[WORK REQUIRED]
Print word for word the records from the line containing "Zaveri Pearls Gold" through the end.

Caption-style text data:
= Beginning of Section =
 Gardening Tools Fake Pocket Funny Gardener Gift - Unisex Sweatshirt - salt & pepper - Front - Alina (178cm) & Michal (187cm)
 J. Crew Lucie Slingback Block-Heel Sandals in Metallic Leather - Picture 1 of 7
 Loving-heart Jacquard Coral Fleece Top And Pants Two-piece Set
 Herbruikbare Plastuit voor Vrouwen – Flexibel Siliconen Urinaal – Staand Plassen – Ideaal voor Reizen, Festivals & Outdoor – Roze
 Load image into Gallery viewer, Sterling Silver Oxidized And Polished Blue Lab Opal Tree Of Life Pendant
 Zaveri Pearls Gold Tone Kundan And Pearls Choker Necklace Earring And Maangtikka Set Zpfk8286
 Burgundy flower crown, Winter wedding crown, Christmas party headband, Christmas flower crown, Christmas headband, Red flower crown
= End of Section =
[ANSWER SECTION]
 Zaveri Pearls Gold Tone Kundan And Pearls Choker Necklace Earring And Maangtikka Set Zpfk8286
 Burgundy flower crown, Winter wedding crown, Christmas party headband, Christmas flower crown, Christmas headband, Red flower crown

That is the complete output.